Kelly Kadera and Sara Mitchell are helping female political scientists close the gender gap

Journeys in World Politics initiative receives funding for 2021 session
Thursday, October 1, 2020

 Kelly Kadera, Sara Mitchell, University of Iowa
l-r: Kelly Kadera, Sara Mitchell, Department of Political Science

Thanks to funding from the American Political Science Association (APSA)—and the vision and persistence of two Department of Political Science faculty members—female graduate students in international relations from around the country will travel to the University of Iowa campus in 2021 to share their scholarly research, network with their peers, and find support from women mentors in the discipline.

Kelly Kadera, associate professor of political science, and Sara Mitchell, F. Wendell Miller Professor of Political Science, received a $20,000 grant from the APSA's Special Projects Fund supporting the multi-day 2021 "Journeys in World Politics" workshop. Kadera and Mitchell first organized and hosted the workshop in 2004, and the 2021 gathering will be the 13th in the series. The workshop grew out of a 2004 APSA workshop on women's advancement in political science, and has garnered National Science Foundation funding in the past. See participants and programming from the 2018 Journeys in World Politics workshop.

A study conducted by the International Studies Association in 2010 found that only 12.3% of the group's female faculty members had achieved full professorship, while over half of undergraduates in the discipline are women. Compared to the broader field of political science, this study suggested that women were significantly underrepresented in international studies.
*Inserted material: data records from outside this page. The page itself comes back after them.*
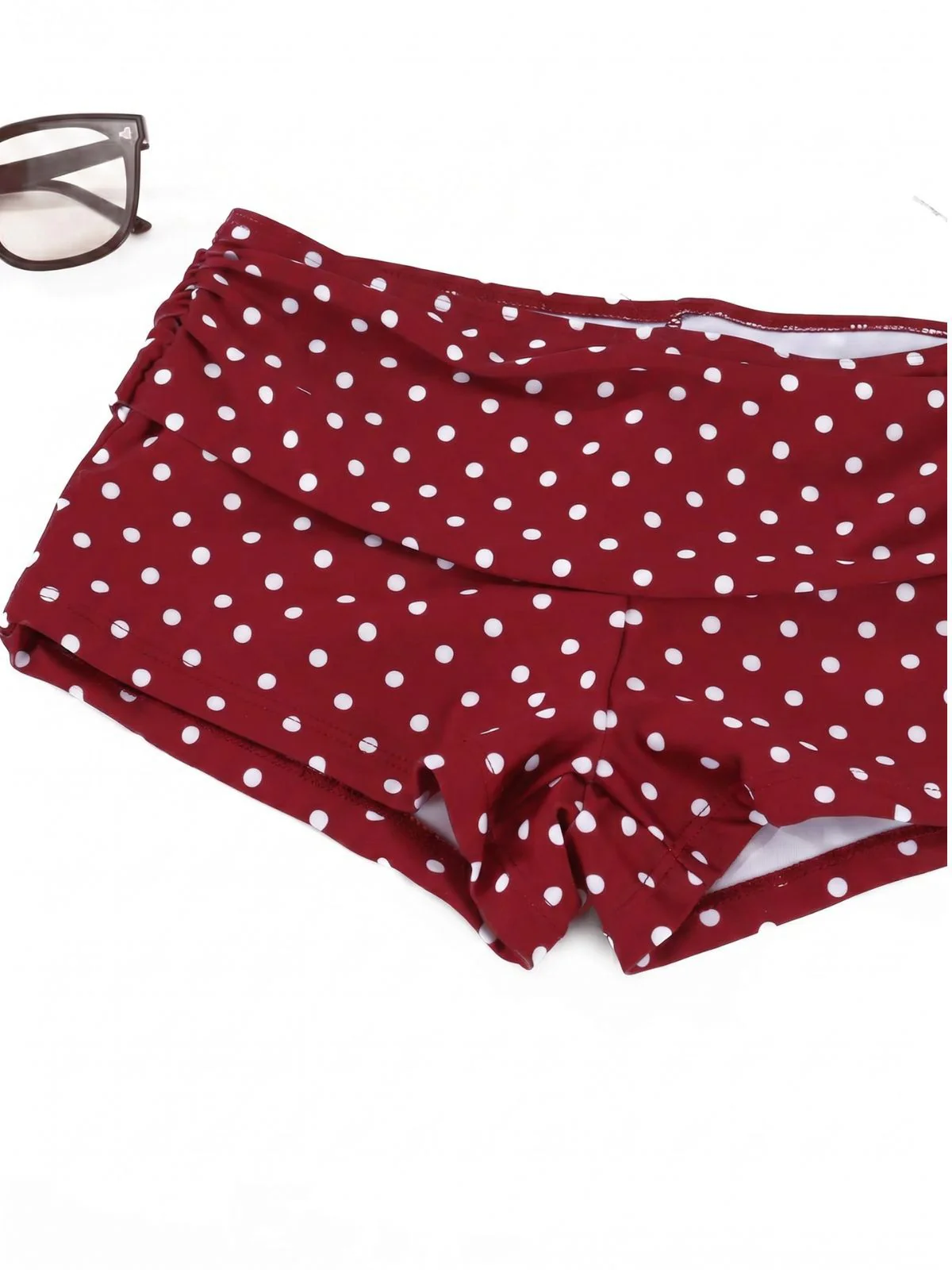 3PCS 1950s Polka Dot Halter Tie Shorts Bikini Set - Image 6
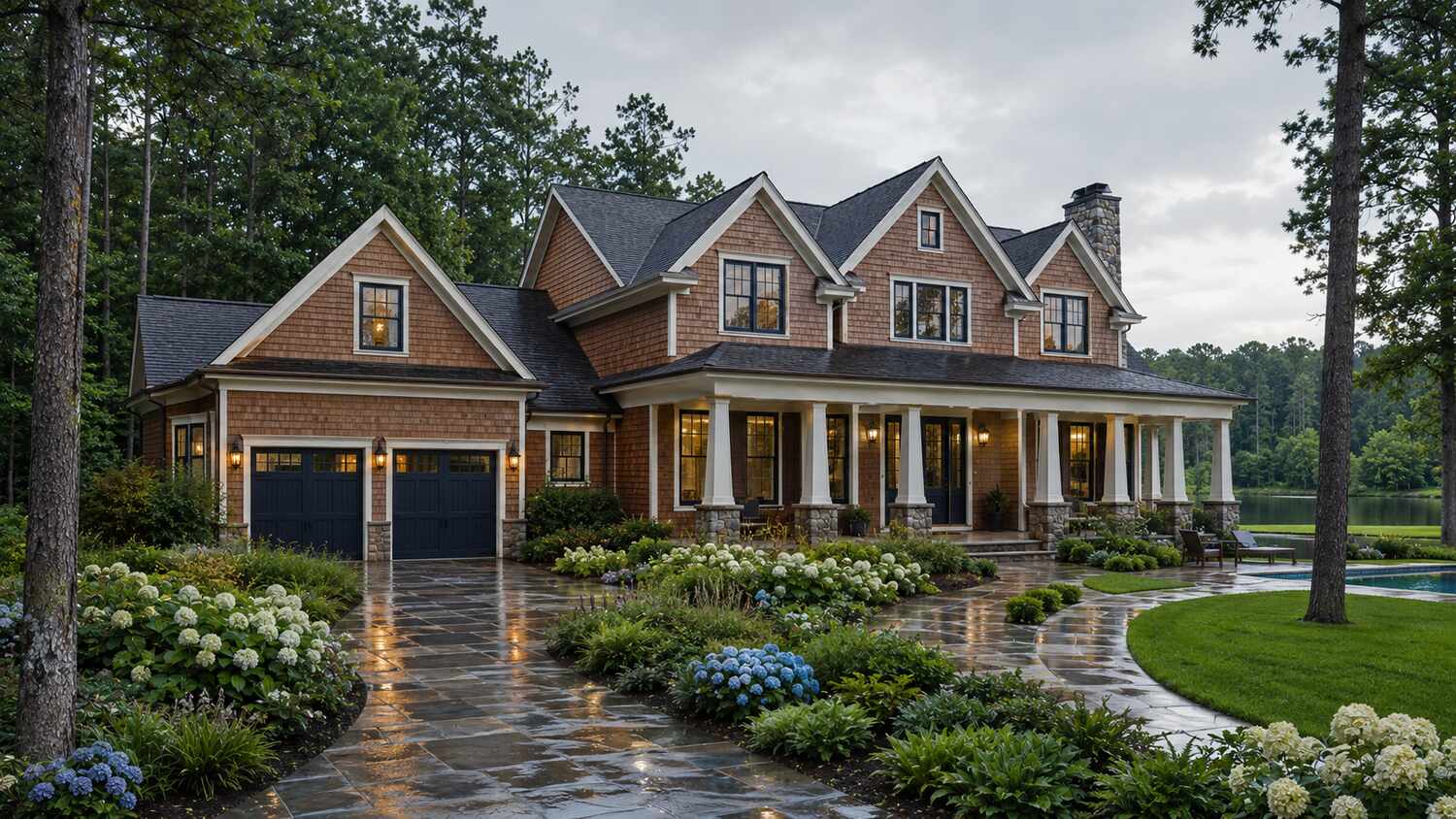 Coastal custom home exterior in Kings Creek showing its lot and setting
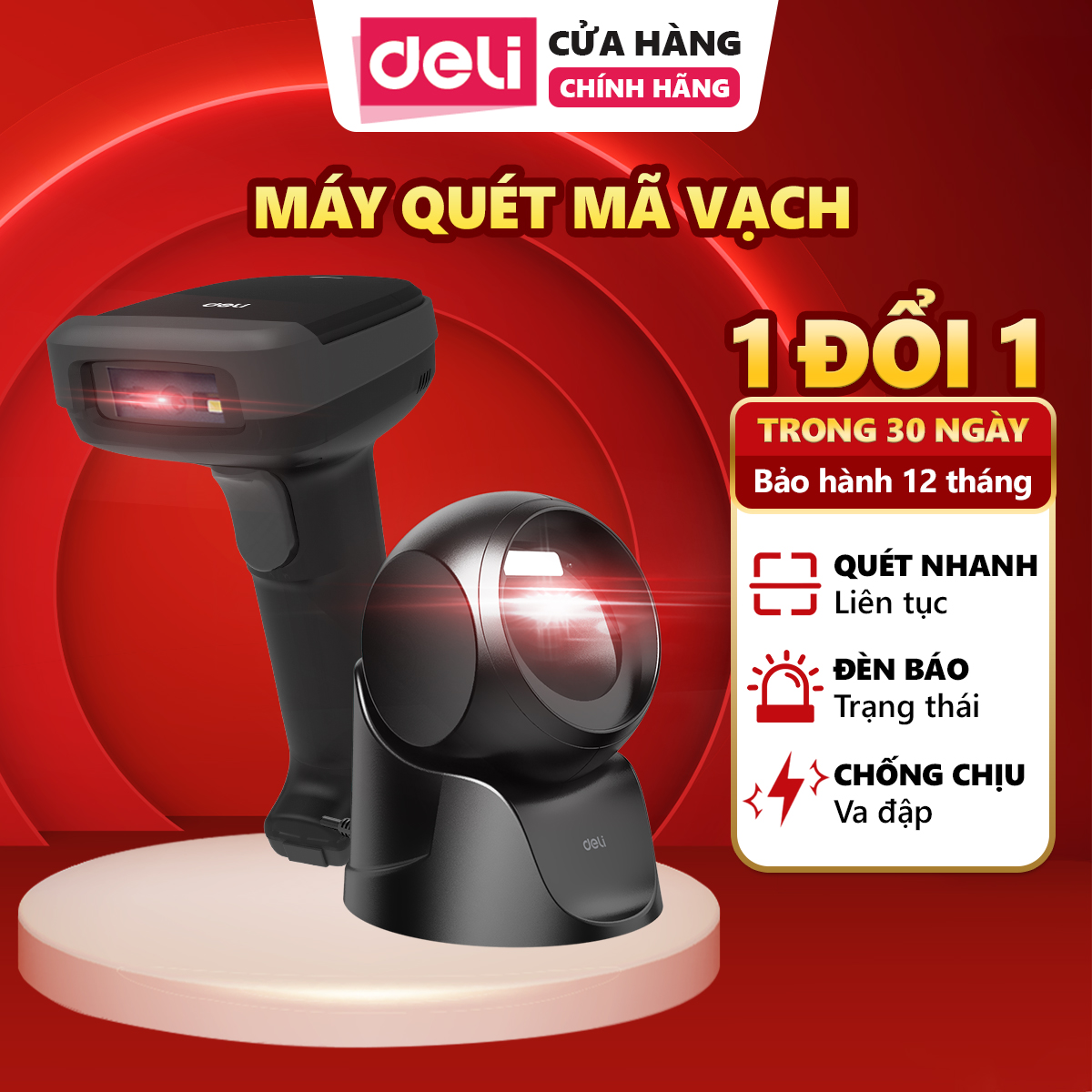 Máy Quét Mã Vạch Chính Hãng Deli - Tốc Độ Quét Nhanh, Độ Chính Xác Cao, Hỗ Trợ Đa Dạng Mã Vạch, Thiết Kế Gọn Nhẹ và Bền Bỉ, Dễ Dàng Sử Dụng, Phù Hợp Cho Cửa Hàng, Siêu Thị và Kho Hàng, Bảo Hành 12 Tháng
Kadera and Mitchell's Journeys in World Politics initiative is designed to counter that phenomenon by bringing scholars at different career levels together for mentoring.

Workshop participants include graduate students, assistant professors, and senior scholars. Female faculty and graduate students in the Department of Political Science also participate as mentors, presenters, and discussants. During the three-day event, junior scholars present their political science research and receive feedback, and senior scholars speak about their personal experiences as women in academia. Sessions cover topics such as networking, self-promotion, work-life balance, gender in the classroom, and salary negotiations.

“The female-dominated environment in this workshop produces very different dynamics than we normally experience at academic conferences,” Mitchell said. “The participants are very positive and confident and discuss each other’s work in very constructive and encouraging tones, and they report very positively on the feedback they receive in the research presentations.” Assessments of the program show that Journeys alumnae are very successful in publishing research, getting grants, and being promoted in academia, helping to address the leaky pipeline for women scholars in international relations.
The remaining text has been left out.